Music

In Her New Memoir ‘Tranny,’ Laura Jane Grace Documents The Hardships Of Being A Pioneer

In some ways, January 2014 doesn’t seem so long ago. But in terms of visibility for transgender Americans, it might as well be a different era. At the time, Caitlyn Jenner was still known as Bruce. The debate over so-called “bathroom bills” restricting access to transgender citizens was not yet an overriding concern on par with gay marriage. (A bill similar to legislation introduced earlier this year in North Carolina was brought forward in Arizona in 2013 with nary a blip on the national radar.)

The media in general was unaware of its incorrect pronoun usage, and essentially ignorant of matters concerning gender identity. It’s safe to say, for instance, that Colin Jost could’ve made a crack about Tinder recognizing gender nonconformity on Saturday Night Live with minimal blowback. Back then, it wasn’t just that transgender men and women were scorned — they were virtually invisible in mainstream culture.

This was the context for Transgender Dysphoria Blues, the sixth studio album by the fiercely political (and somewhat star-crossed) Florida punk band Against Me!, which was released that month. The band’s frontwoman, Laura Jane Grace, had become a minor celebrity in the wake of a 2012 Rolling Stone profile in which she came out as transgender. The story created a media groundswell for Transgender Dysphoria Blues that far exceeded the attention normally given to stridently leftist punk groups, or transgender musicians.

Fortunately, the album justified the hype — to this day, playing Transgender Dysphoria Blues for the first time remains one of my favorite listening experiences of the decade. A thrilling marriage of cathartic rage and shiny pop-punk hooks, Transgender Dysphoria Blues was a gut-wrenching first-person account of a woman overcoming years of internalized hatred and societal prejudice in order to scream her truth to the world. It was brutally honest, but equally important, it also rocked like a bastard.

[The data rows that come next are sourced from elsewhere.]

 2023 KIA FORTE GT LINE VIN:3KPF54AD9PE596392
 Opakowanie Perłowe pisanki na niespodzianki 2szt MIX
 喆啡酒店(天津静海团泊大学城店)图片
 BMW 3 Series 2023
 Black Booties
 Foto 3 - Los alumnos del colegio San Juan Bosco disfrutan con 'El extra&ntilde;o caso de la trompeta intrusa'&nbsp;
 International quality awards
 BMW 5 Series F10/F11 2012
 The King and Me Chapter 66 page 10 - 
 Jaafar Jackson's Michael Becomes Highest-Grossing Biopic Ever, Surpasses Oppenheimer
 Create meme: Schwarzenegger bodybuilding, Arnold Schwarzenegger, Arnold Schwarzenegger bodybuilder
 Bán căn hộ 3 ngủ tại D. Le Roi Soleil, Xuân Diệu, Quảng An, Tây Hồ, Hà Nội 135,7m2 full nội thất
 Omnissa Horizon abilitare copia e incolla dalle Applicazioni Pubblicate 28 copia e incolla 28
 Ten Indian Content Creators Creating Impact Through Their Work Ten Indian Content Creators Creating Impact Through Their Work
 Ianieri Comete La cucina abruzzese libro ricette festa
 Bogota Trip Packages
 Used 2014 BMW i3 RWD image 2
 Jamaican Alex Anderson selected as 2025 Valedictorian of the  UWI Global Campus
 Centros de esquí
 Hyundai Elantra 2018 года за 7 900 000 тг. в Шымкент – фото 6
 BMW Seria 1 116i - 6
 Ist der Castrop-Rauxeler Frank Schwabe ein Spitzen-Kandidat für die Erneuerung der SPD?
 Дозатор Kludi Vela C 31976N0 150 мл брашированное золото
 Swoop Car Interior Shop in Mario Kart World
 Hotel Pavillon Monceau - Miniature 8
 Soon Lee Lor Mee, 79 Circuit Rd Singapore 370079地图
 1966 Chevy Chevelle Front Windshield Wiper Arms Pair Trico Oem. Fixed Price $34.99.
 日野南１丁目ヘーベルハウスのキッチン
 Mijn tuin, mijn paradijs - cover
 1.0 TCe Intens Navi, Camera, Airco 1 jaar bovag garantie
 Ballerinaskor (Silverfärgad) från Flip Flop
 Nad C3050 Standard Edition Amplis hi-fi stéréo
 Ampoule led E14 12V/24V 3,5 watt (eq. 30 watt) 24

Three weeks before the release, I blasted Transgender Dysphoria Blues at an ungodly volume approximately 27 times as I drove five hours through a snow storm from Milwaukee to Grand Rapids, Michigan, where Against Me! was playing that night. Before the gig, I was scheduled to interview Grace for an hour backstage.

My impression of Grace was that she was warm but weary, appreciative of the media recognition (especially in light of the fact that Against Me!’s previous album, 2010’s White Crosses, was largely ignored) but also unsure of her newfound spokeswoman status. Grace understood that by giving interviews, she was also raising the visibility of tens of thousands of marginalized people. But Grace had her own problems too, some of which (though certainly not all) were related to her ongoing transition.

Against Me! was back to putting out its own records again after having been chewed up and spat out by the major-label system. Even having a record to put out was a miracle — Grace’s band had fallen apart and been pieced precariously back together during the making of Transgender Dysphoria Blues. Worse — though she didn’t discuss it during our interview — Grace’s marriage had also essentially ended. Turns out that coming out did not mark the triumphant climax of Grace’s story. Life had moved on, unsteadily.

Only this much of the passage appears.